Caladan is a system that enables servers in datacenters to simultaneously provide low tail latency and high CPU efficiency, by rapidly reallocating cores across applications.
For any questions about Caladan, please email caladan@csail.mit.edu.
-
Clone the Caladan repository.
-
Install dependencies.
sudo apt install make gcc cmake pkg-config libnl-3-dev libnl-route-3-dev libnuma-dev uuid-dev libssl-dev libaio-dev libcunit1-dev libclang-dev
- Set up submodules (e.g., DPDK, SPDK, and rdma-core).

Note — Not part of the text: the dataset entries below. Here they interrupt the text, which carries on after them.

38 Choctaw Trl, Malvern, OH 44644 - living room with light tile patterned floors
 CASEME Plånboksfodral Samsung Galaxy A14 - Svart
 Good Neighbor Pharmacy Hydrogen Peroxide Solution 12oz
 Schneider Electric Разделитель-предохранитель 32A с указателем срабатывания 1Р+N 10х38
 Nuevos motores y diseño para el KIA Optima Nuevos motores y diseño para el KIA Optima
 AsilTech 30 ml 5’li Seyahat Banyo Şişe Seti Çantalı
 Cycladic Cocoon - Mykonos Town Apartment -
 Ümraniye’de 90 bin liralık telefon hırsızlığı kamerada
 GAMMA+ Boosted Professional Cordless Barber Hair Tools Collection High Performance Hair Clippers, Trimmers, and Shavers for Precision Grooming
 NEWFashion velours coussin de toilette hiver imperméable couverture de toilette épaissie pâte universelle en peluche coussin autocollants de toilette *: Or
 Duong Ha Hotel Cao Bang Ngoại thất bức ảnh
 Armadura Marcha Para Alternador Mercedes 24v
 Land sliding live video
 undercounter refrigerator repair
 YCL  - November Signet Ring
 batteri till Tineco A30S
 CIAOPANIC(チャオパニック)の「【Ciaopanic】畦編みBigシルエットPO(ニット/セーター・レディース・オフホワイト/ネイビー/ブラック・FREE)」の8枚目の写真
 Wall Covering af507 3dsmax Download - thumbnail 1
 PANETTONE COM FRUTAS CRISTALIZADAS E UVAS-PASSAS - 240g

Run first half of build/init_submodules.sh
(don't build dpdk)
apt install libnuma-dev libibverbs-dev
shenango/dpdk/mk/toolchain/gcc/rte.vars.mk
: Add these lines
WERROR_FLAGS += -Wno-address-of-packed-member -Wno-format-overflow -Wno-maybe-uninitialized
WERROR_FLAGS += -Wno-implicit-fallthrough
kernel/linux/igb_uio/Makefile
: Add these lines
MODULE_CFLAGS += -Wno-implicit-fallthrough
build/config
: Change
CONFIG_MLX4=y
make submodules
- Build the scheduler (IOKernel), the Caladan runtime, and Ksched and perform some machine setup.
Before building, set the parameters in build/config (e.g.,
CONFIG_SPDK=y
to use storage,CONFIG_DIRECTPATH=y
to use directpath, and the MLX4 or MLX5 flags to use MLX4 or MLX5 NICs, respectively, ). To enable debugging, setCONFIG_DEBUG=y
before building.
make clean && make
pushd ksched
make clean && make
popd
sudo ./scripts/setup_machine.sh
- Install Rust and build a synthetic client-server application.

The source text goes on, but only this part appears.